Use template of the assignment. When preparing a zip file for the upload system, do not include any directories, the files have to be in the zip file root.

Tasks

Choose one digit as a positive class.
Complete the function strong_classifier, wc_errors, upper_bound = adaboost(X, y, num_steps) so that it implements the AdaBoost training.
The function accepts a training set, labels and the number of training steps. It should return: strong_classifier - the found strong classifier (see the comments in the code for its structure), wc_error - the weighted error of the selected weak classifier in each iteration, and upper_bound - the training error upper bound $\prod Z_t$.

To find the best weak classifier, use the function find_best_weak(X, y, D) which implements vectorised search for the optimal $\theta$ and $p$.

To reduce the effect of an unbalanced training set (1:9 positive to negative sample size ratio) which would put too much emphasis on the negative samples, initialise the weights $D_1$ such that the $\sum_{i: y_i=-1}D_1(i) = \sum_{i: y_i=+1}D_1(i) = 0.5$.

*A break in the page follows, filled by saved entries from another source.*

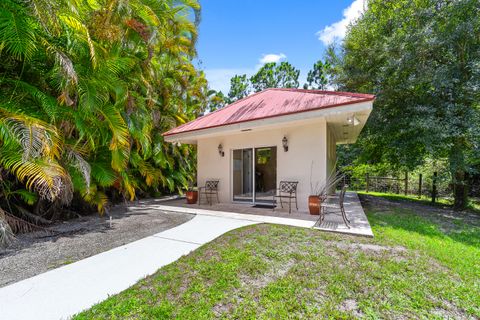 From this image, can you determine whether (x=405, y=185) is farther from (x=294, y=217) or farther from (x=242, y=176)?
(x=294, y=217)

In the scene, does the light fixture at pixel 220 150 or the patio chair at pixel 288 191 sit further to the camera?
the light fixture at pixel 220 150

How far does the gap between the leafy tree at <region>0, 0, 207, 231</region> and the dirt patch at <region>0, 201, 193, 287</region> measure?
2.54ft

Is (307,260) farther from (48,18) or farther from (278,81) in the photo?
(278,81)

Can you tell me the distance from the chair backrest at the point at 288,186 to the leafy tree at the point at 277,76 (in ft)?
73.3

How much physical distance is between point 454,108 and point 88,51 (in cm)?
1229

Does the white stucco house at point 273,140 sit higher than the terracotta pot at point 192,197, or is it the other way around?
the white stucco house at point 273,140

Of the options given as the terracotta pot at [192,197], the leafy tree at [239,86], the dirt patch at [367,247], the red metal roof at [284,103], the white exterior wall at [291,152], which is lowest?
the dirt patch at [367,247]

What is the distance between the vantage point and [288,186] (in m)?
8.52

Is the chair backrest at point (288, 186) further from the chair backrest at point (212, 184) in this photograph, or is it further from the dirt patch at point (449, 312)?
the dirt patch at point (449, 312)

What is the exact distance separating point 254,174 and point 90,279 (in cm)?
671

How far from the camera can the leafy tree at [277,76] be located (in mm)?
28375

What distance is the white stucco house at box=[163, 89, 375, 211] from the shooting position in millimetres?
7227

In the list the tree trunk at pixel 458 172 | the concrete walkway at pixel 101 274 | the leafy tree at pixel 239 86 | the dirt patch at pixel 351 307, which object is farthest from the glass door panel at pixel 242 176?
the leafy tree at pixel 239 86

Hint 1: The update of weights $D_{t+1}$ could be easily implemented using vector notation. Try to understand what it does. If there is something unclear feel free to ask us.

Hint 2: The update of $D_{t+1}$ can be also written as (substituting in $\alpha_t$) $D_{t+1} = \frac{1}{Z_t} D_t \sqrt{\frac{\varepsilon_t}{1 - \varepsilon_t}}$ if $y_i = h_t(x_i)$ and $D_{t+1} = \frac{1}{Z_t} D_t \sqrt{\frac{1 - \varepsilon_t}{\varepsilon_t}}$ if $y_i \neq h_t(x_i)$.

Hint 3: To test the correctness of your solution, the curves and classification results below are for the digit 6 and you should get the same values.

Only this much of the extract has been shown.